**Your objective**
Retype the records in full, keeping each character as it is.

**Recorded information**

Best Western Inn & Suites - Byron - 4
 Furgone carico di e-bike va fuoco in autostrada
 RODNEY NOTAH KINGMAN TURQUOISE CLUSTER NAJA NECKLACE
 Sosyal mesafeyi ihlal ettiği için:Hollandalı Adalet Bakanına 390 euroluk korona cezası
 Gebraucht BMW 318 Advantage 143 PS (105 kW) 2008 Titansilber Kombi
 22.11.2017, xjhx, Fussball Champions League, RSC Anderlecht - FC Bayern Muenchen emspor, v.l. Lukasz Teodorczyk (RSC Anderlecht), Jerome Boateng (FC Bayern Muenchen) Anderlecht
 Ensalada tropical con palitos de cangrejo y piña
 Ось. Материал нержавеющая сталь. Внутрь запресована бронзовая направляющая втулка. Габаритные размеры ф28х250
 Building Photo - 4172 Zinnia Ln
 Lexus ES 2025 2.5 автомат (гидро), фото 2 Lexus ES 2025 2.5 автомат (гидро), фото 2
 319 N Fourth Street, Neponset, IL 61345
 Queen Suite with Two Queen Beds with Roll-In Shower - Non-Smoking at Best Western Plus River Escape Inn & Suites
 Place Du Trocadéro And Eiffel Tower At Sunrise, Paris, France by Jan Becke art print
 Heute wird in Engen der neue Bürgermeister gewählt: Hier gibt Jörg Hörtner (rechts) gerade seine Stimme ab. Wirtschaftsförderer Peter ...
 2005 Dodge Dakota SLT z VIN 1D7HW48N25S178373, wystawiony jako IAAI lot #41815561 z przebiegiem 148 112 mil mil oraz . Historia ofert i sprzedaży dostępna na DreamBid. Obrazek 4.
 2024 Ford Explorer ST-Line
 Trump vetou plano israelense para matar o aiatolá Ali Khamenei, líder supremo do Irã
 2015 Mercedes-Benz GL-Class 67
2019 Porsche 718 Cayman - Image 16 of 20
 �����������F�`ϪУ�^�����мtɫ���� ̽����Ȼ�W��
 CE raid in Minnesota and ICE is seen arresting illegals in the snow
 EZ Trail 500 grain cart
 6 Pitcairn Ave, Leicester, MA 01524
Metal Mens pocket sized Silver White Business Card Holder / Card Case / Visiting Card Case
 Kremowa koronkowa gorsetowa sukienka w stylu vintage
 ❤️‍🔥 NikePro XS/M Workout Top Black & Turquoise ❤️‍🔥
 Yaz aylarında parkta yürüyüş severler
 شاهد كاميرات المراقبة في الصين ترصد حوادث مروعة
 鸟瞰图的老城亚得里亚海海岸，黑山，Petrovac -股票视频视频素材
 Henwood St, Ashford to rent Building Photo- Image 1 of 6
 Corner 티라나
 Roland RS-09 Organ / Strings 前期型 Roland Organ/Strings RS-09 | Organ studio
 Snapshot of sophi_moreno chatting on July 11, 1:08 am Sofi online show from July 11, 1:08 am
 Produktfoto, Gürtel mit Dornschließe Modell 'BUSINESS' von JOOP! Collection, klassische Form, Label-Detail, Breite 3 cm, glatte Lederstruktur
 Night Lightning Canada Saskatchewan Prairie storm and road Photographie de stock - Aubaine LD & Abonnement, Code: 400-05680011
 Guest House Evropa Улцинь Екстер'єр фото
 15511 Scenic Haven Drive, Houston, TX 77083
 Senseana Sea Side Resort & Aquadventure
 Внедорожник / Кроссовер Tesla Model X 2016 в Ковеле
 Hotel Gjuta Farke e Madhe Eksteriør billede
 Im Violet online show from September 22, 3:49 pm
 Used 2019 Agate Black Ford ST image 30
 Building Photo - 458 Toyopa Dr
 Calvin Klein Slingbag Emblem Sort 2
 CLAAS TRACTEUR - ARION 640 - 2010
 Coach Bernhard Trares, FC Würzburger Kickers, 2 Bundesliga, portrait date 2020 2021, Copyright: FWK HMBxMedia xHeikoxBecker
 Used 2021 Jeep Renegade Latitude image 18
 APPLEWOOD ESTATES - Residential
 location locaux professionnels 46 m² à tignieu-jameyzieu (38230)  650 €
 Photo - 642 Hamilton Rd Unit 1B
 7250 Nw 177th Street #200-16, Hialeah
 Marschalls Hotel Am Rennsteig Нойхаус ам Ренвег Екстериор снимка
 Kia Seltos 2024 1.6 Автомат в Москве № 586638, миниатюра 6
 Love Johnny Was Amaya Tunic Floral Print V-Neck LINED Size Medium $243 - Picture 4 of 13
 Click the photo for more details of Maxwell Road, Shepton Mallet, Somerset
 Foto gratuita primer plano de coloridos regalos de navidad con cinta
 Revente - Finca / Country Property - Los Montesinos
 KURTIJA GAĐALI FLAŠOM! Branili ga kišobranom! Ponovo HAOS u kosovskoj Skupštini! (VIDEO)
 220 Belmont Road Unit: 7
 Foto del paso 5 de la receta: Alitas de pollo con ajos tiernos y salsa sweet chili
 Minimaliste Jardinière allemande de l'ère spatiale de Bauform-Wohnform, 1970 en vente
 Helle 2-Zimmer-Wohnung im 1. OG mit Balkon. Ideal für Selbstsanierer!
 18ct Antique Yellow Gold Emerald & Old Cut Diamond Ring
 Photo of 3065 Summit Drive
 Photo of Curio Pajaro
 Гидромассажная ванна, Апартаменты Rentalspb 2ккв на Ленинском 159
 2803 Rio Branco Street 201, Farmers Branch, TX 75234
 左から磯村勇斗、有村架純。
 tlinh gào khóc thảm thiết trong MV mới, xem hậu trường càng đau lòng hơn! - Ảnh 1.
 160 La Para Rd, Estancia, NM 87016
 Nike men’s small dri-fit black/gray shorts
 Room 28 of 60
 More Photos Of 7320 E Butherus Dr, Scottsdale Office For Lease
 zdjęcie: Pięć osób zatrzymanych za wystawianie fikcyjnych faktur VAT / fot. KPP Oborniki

**Exercise answer**
Best Western Inn & Suites - Byron - 4
 Furgone carico di e-bike va fuoco in autostrada
 RODNEY NOTAH KINGMAN TURQUOISE CLUSTER NAJA NECKLACE
 Sosyal mesafeyi ihlal ettiği için:Hollandalı Adalet Bakanına 390 euroluk korona cezası
 Gebraucht BMW 318 Advantage 143 PS (105 kW) 2008 Titansilber Kombi
 22.11.2017, xjhx, Fussball Champions League, RSC Anderlecht - FC Bayern Muenchen emspor, v.l. Lukasz Teodorczyk (RSC Anderlecht), Jerome Boateng (FC Bayern Muenchen) Anderlecht
 Ensalada tropical con palitos de cangrejo y piña
 Ось. Материал нержавеющая сталь. Внутрь запресована бронзовая направляющая втулка. Габаритные размеры ф28х250
 Building Photo - 4172 Zinnia Ln
 Lexus ES 2025 2.5 автомат (гидро), фото 2 Lexus ES 2025 2.5 автомат (гидро), фото 2
 319 N Fourth Street, Neponset, IL 61345
 Queen Suite with Two Queen Beds with Roll-In Shower - Non-Smoking at Best Western Plus River Escape Inn & Suites
 Place Du Trocadéro And Eiffel Tower At Sunrise, Paris, France by Jan Becke art print
 Heute wird in Engen der neue Bürgermeister gewählt: Hier gibt Jörg Hörtner (rechts) gerade seine Stimme ab. Wirtschaftsförderer Peter ...
 2005 Dodge Dakota SLT z VIN 1D7HW48N25S178373, wystawiony jako IAAI lot #41815561 z przebiegiem 148 112 mil mil oraz . Historia ofert i sprzedaży dostępna na DreamBid. Obrazek 4.
 2024 Ford Explorer ST-Line
 Trump vetou plano israelense para matar o aiatolá Ali Khamenei, líder supremo do Irã
 2015 Mercedes-Benz GL-Class 67
2019 Porsche 718 Cayman - Image 16 of 20
 �����������F�`ϪУ�^�����мtɫ���� ̽����Ȼ�W��
 CE raid in Minnesota and ICE is seen arresting illegals in the snow
 EZ Trail 500 grain cart
 6 Pitcairn Ave, Leicester, MA 01524
Metal Mens pocket sized Silver White Business Card Holder / Card Case / Visiting Card Case
 Kremowa koronkowa gorsetowa sukienka w stylu vintage
 ❤️‍🔥 NikePro XS/M Workout Top Black & Turquoise ❤️‍🔥
 Yaz aylarında parkta yürüyüş severler
 شاهد كاميرات المراقبة في الصين ترصد حوادث مروعة
 鸟瞰图的老城亚得里亚海海岸，黑山，Petrovac -股票视频视频素材
 Henwood St, Ashford to rent Building Photo- Image 1 of 6
 Corner 티라나
 Roland RS-09 Organ / Strings 前期型 Roland Organ/Strings RS-09 | Organ studio
 Snapshot of sophi_moreno chatting on July 11, 1:08 am Sofi online show from July 11, 1:08 am
 Produktfoto, Gürtel mit Dornschließe Modell 'BUSINESS' von JOOP! Collection, klassische Form, Label-Detail, Breite 3 cm, glatte Lederstruktur
 Night Lightning Canada Saskatchewan Prairie storm and road Photographie de stock - Aubaine LD & Abonnement, Code: 400-05680011
 Guest House Evropa Улцинь Екстер'єр фото
 15511 Scenic Haven Drive, Houston, TX 77083
 Senseana Sea Side Resort & Aquadventure
 Внедорожник / Кроссовер Tesla Model X 2016 в Ковеле
 Hotel Gjuta Farke e Madhe Eksteriør billede
 Im Violet online show from September 22, 3:49 pm
 Used 2019 Agate Black Ford ST image 30
 Building Photo - 458 Toyopa Dr
 Calvin Klein Slingbag Emblem Sort 2
 CLAAS TRACTEUR - ARION 640 - 2010
 Coach Bernhard Trares, FC Würzburger Kickers, 2 Bundesliga, portrait date 2020 2021, Copyright: FWK HMBxMedia xHeikoxBecker
 Used 2021 Jeep Renegade Latitude image 18
 APPLEWOOD ESTATES - Residential
 location locaux professionnels 46 m² à tignieu-jameyzieu (38230)  650 €
 Photo - 642 Hamilton Rd Unit 1B
 7250 Nw 177th Street #200-16, Hialeah
 Marschalls Hotel Am Rennsteig Нойхаус ам Ренвег Екстериор снимка
 Kia Seltos 2024 1.6 Автомат в Москве № 586638, миниатюра 6
 Love Johnny Was Amaya Tunic Floral Print V-Neck LINED Size Medium $243 - Picture 4 of 13
 Click the photo for more details of Maxwell Road, Shepton Mallet, Somerset
 Foto gratuita primer plano de coloridos regalos de navidad con cinta
 Revente - Finca / Country Property - Los Montesinos
 KURTIJA GAĐALI FLAŠOM! Branili ga kišobranom! Ponovo HAOS u kosovskoj Skupštini! (VIDEO)
 220 Belmont Road Unit: 7
 Foto del paso 5 de la receta: Alitas de pollo con ajos tiernos y salsa sweet chili
 Minimaliste Jardinière allemande de l'ère spatiale de Bauform-Wohnform, 1970 en vente
 Helle 2-Zimmer-Wohnung im 1. OG mit Balkon. Ideal für Selbstsanierer!
 18ct Antique Yellow Gold Emerald & Old Cut Diamond Ring
 Photo of 3065 Summit Drive
 Photo of Curio Pajaro
 Гидромассажная ванна, Апартаменты Rentalspb 2ккв на Ленинском 159
 2803 Rio Branco Street 201, Farmers Branch, TX 75234
 左から磯村勇斗、有村架純。
 tlinh gào khóc thảm thiết trong MV mới, xem hậu trường càng đau lòng hơn! - Ảnh 1.
 160 La Para Rd, Estancia, NM 87016
 Nike men’s small dri-fit black/gray shorts
 Room 28 of 60
 More Photos Of 7320 E Butherus Dr, Scottsdale Office For Lease
 zdjęcie: Pięć osób zatrzymanych za wystawianie fikcyjnych faktur VAT / fot. KPP Oborniki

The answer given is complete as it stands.